_What is required_. Exactly and only the lines below from the one containing "Kitchen - 1041" down to the one containing "Local commercial - 272 m² - 5 pièces" are wanted, both included; please exclude every picture.

_Source data_.
╔══

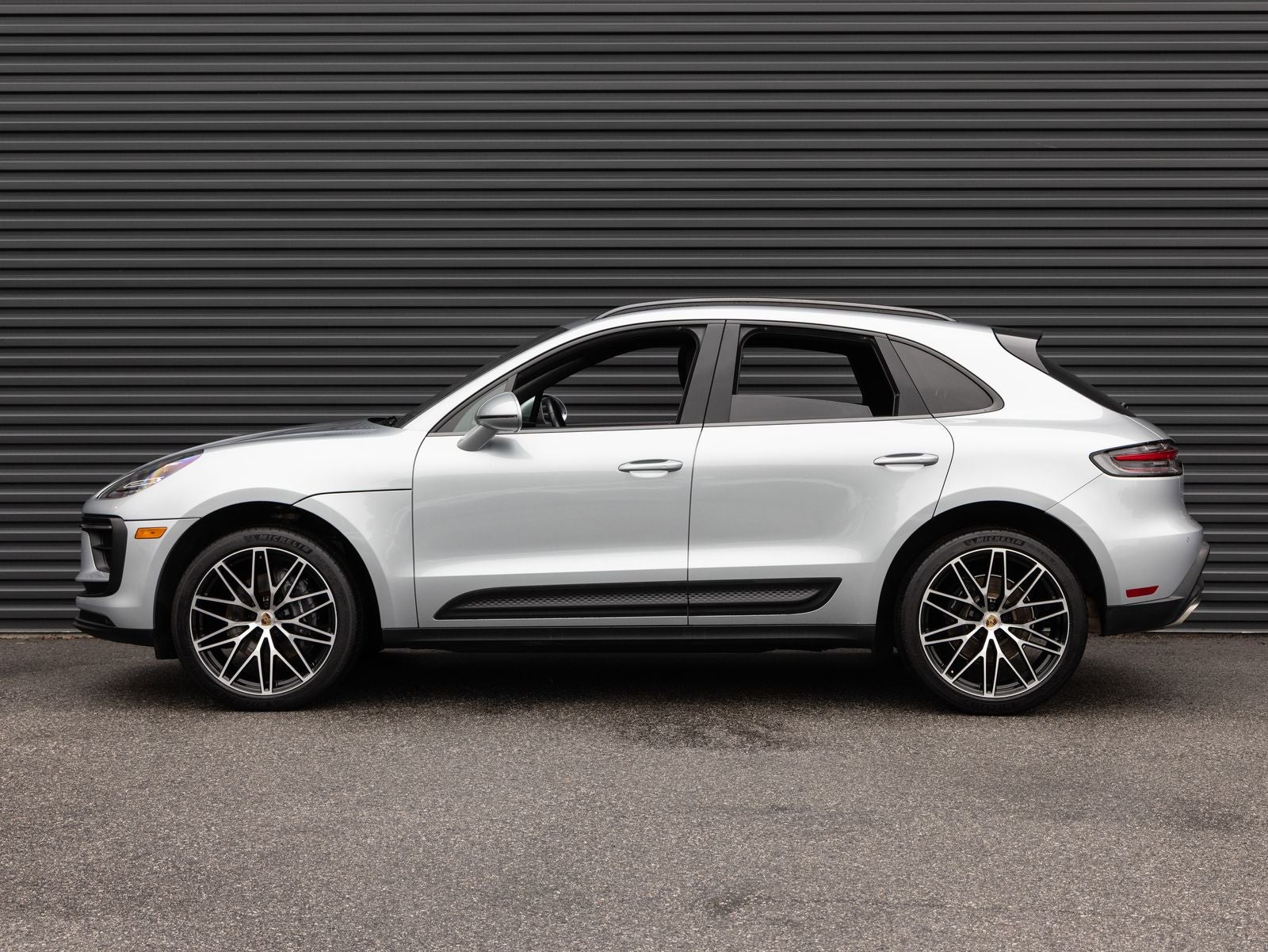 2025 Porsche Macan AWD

╚══
╔══

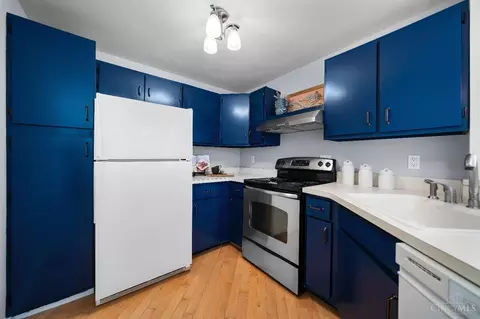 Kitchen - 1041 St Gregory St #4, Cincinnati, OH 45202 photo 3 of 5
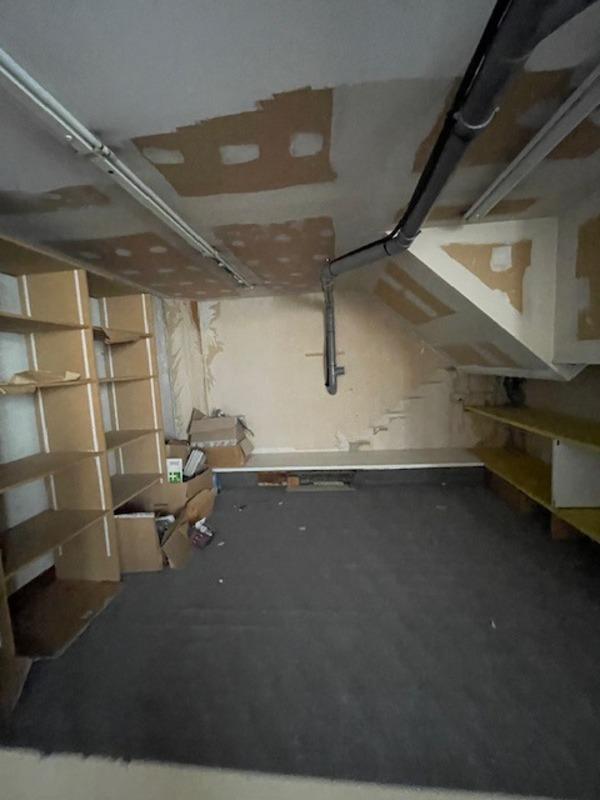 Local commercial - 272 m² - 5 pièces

╚══

_Response to the exercise_.
 Kitchen - 1041 St Gregory St #4, Cincinnati, OH 45202 photo 3 of 5
 Local commercial - 272 m² - 5 pièces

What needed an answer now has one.